IEEE Trans Cybern. 2019 May;49(5):1657-1668. doi: 10.1109/TCYB.2018.2809562. Epub 2018 Mar 27.
Temporal data clustering can provide underpinning techniques for the discovery of intrinsic structures, which proved important in condensing or summarizing information demanded in various fields of information sciences, ranging from time series analysis to sequential data understanding. In this paper, we propose a novel hidden Markov model (HMM)-based hybrid meta-clustering ensemble with bi-weighting scheme to solve the problems of initialization and model selection associated with temporal data clustering. To improve the performance of the ensemble techniques, the proposed bi-weighting scheme adaptively examines the partition process and hence optimizes the fusion of consensus functions. Specifically, three consensus functions are used to combine the input partitions, generated by HMM-based K -models under different initializations, into a robust consensus partition. An optimal consensus partition is then selected from the three candidates by a normalized mutual information-based objective function. Finally, the optimal consensus partition is further refined by the HMM-based agglomerative clustering algorithm in association with dendrogram-based similarity partitioning algorithm, leading to the advantage that the number of clusters can be automatically and adaptively determined. Extensive experiments on synthetic data, time series, and real-world motion trajectory datasets illustrate that our proposed approach outperforms all the selected benchmarks and hence providing promising potentials for developing improved clustering tools for information analysis and management.

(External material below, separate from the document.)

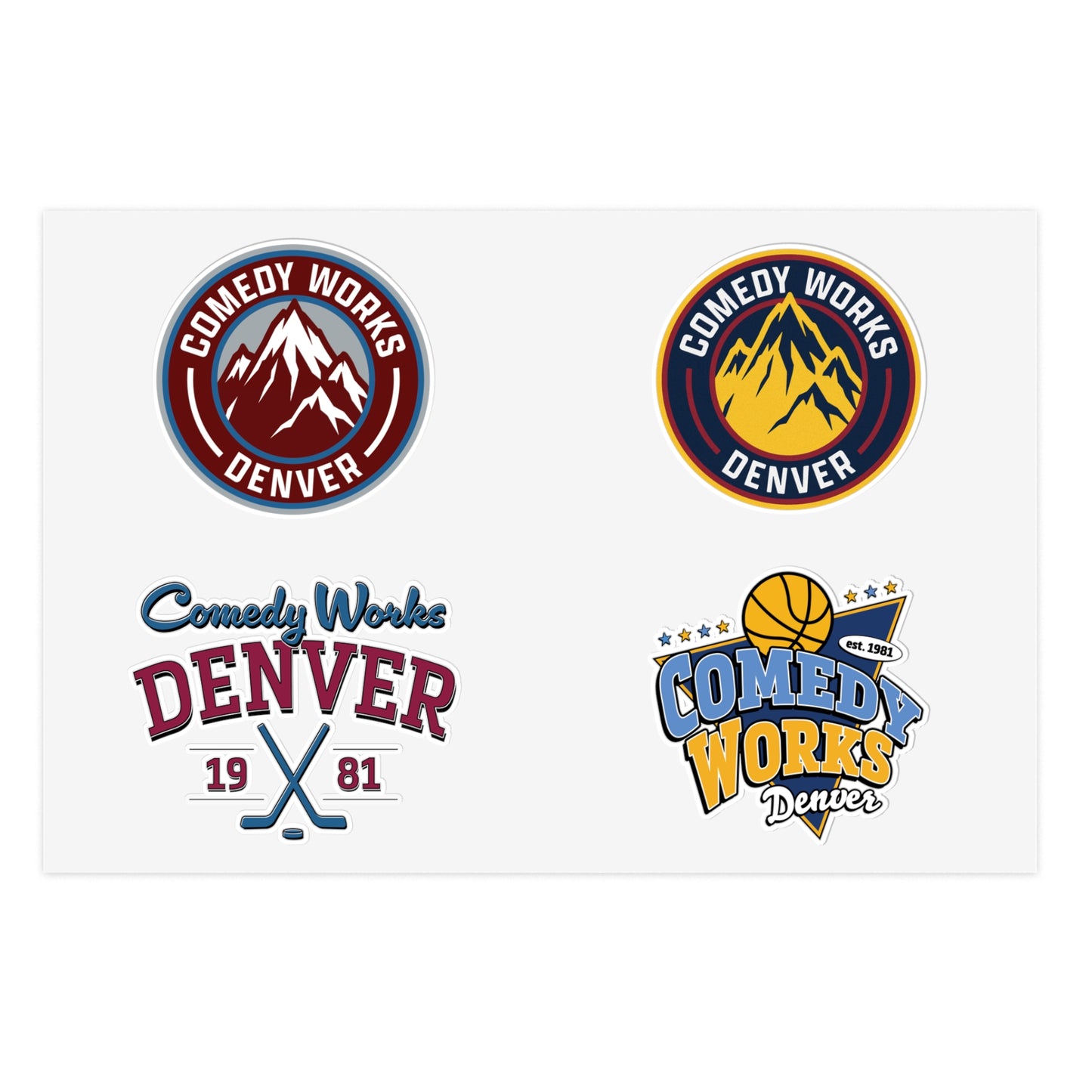 Playoff Collection Sticker Sheet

时间数据聚类可以为发现内在结构提供基础技术,这在信息科学的各个领域中都很重要,从时间序列分析到顺序数据理解,这些内在结构可以用来压缩或总结信息。在本文中,我们提出了一种新的基于隐马尔可夫模型(HMM)的混合元聚类集成,具有双加权方案,以解决与时间数据聚类相关的初始化和模型选择问题。为了提高集成技术的性能,所提出的双加权方案自适应地检查分区过程,从而优化共识函数的融合。具体来说,使用三个共识函数将由基于 HMM 的 K-模型在不同初始化下生成的输入分区合并为一个稳健的共识分区。然后,通过基于归一化互信息的目标函数从三个候选者中选择最佳共识分区。最后,通过与基于树状图的相似性分区算法相关联的基于 HMM 的凝聚聚类算法进一步细化最佳共识分区,从而可以自动且自适应地确定聚类的数量。在合成数据、时间序列和真实运动轨迹数据集上的广泛实验表明,我们提出的方法优于所有选定的基准,因此为开发用于信息分析和管理的改进聚类工具提供了有希望的潜力。